- **INFORMATION PROVIDED**
--

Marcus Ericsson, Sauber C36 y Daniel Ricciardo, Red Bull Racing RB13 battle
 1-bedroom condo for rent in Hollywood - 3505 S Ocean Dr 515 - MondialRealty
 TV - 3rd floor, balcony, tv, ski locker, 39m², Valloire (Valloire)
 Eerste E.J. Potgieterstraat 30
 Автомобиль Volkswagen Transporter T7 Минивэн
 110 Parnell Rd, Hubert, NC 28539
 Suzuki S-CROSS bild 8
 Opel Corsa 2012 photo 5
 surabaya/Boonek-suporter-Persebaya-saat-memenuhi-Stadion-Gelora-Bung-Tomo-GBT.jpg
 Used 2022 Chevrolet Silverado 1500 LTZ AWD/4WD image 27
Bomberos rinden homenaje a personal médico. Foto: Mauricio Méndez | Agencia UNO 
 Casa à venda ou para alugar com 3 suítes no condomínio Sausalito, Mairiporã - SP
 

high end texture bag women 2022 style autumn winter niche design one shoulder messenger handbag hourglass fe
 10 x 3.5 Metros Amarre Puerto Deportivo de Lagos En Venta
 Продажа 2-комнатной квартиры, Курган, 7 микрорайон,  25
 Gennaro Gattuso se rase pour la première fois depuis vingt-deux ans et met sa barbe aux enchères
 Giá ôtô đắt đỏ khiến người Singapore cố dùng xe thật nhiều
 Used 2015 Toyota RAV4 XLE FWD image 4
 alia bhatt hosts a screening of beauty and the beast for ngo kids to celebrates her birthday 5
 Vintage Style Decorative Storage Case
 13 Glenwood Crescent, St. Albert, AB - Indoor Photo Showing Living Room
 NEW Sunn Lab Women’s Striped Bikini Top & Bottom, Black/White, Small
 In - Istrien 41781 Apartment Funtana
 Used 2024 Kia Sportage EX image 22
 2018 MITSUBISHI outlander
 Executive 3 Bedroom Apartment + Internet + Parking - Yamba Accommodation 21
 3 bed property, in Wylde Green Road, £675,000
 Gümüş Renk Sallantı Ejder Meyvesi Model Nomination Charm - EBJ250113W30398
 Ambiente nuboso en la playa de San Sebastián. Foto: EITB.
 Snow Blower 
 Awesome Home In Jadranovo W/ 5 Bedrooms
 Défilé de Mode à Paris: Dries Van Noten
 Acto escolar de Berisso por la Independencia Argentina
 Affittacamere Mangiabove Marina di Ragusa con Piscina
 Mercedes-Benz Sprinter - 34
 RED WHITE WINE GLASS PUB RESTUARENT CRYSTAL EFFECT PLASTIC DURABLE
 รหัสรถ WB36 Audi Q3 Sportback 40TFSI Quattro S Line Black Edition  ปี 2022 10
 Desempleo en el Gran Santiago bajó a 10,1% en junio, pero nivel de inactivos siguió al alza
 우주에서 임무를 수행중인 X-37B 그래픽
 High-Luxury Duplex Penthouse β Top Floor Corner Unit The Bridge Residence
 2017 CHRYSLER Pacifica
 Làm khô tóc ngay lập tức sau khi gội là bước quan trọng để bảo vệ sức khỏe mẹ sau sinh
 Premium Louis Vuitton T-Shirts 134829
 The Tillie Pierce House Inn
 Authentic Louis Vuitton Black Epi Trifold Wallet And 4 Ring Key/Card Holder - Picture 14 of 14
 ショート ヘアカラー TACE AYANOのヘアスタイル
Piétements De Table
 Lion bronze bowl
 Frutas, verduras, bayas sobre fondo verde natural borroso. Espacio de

--

- **WORK TO BE COMPLETED**
Give every entry in the listing above again, exactly as written.

- **REPLY TO THE TASK**
Marcus Ericsson, Sauber C36 y Daniel Ricciardo, Red Bull Racing RB13 battle
 1-bedroom condo for rent in Hollywood - 3505 S Ocean Dr 515 - MondialRealty
 TV - 3rd floor, balcony, tv, ski locker, 39m², Valloire (Valloire)
 Eerste E.J. Potgieterstraat 30
 Автомобиль Volkswagen Transporter T7 Минивэн
 110 Parnell Rd, Hubert, NC 28539
 Suzuki S-CROSS bild 8
 Opel Corsa 2012 photo 5
 surabaya/Boonek-suporter-Persebaya-saat-memenuhi-Stadion-Gelora-Bung-Tomo-GBT.jpg
 Used 2022 Chevrolet Silverado 1500 LTZ AWD/4WD image 27
Bomberos rinden homenaje a personal médico. Foto: Mauricio Méndez | Agencia UNO 
 Casa à venda ou para alugar com 3 suítes no condomínio Sausalito, Mairiporã - SP
 

high end texture bag women 2022 style autumn winter niche design one shoulder messenger handbag hourglass fe
 10 x 3.5 Metros Amarre Puerto Deportivo de Lagos En Venta
 Продажа 2-комнатной квартиры, Курган, 7 микрорайон,  25
 Gennaro Gattuso se rase pour la première fois depuis vingt-deux ans et met sa barbe aux enchères
 Giá ôtô đắt đỏ khiến người Singapore cố dùng xe thật nhiều
 Used 2015 Toyota RAV4 XLE FWD image 4
 alia bhatt hosts a screening of beauty and the beast for ngo kids to celebrates her birthday 5
 Vintage Style Decorative Storage Case
 13 Glenwood Crescent, St. Albert, AB - Indoor Photo Showing Living Room
 NEW Sunn Lab Women’s Striped Bikini Top & Bottom, Black/White, Small
 In - Istrien 41781 Apartment Funtana
 Used 2024 Kia Sportage EX image 22
 2018 MITSUBISHI outlander
 Executive 3 Bedroom Apartment + Internet + Parking - Yamba Accommodation 21
 3 bed property, in Wylde Green Road, £675,000
 Gümüş Renk Sallantı Ejder Meyvesi Model Nomination Charm - EBJ250113W30398
 Ambiente nuboso en la playa de San Sebastián. Foto: EITB.
 Snow Blower 
 Awesome Home In Jadranovo W/ 5 Bedrooms
 Défilé de Mode à Paris: Dries Van Noten
 Acto escolar de Berisso por la Independencia Argentina
 Affittacamere Mangiabove Marina di Ragusa con Piscina
 Mercedes-Benz Sprinter - 34
 RED WHITE WINE GLASS PUB RESTUARENT CRYSTAL EFFECT PLASTIC DURABLE
 รหัสรถ WB36 Audi Q3 Sportback 40TFSI Quattro S Line Black Edition  ปี 2022 10
 Desempleo en el Gran Santiago bajó a 10,1% en junio, pero nivel de inactivos siguió al alza
 우주에서 임무를 수행중인 X-37B 그래픽
 High-Luxury Duplex Penthouse β Top Floor Corner Unit The Bridge Residence
 2017 CHRYSLER Pacifica
 Làm khô tóc ngay lập tức sau khi gội là bước quan trọng để bảo vệ sức khỏe mẹ sau sinh
 Premium Louis Vuitton T-Shirts 134829
 The Tillie Pierce House Inn
 Authentic Louis Vuitton Black Epi Trifold Wallet And 4 Ring Key/Card Holder - Picture 14 of 14
 ショート ヘアカラー TACE AYANOのヘアスタイル
Piétements De Table
 Lion bronze bowl
 Frutas, verduras, bayas sobre fondo verde natural borroso. Espacio de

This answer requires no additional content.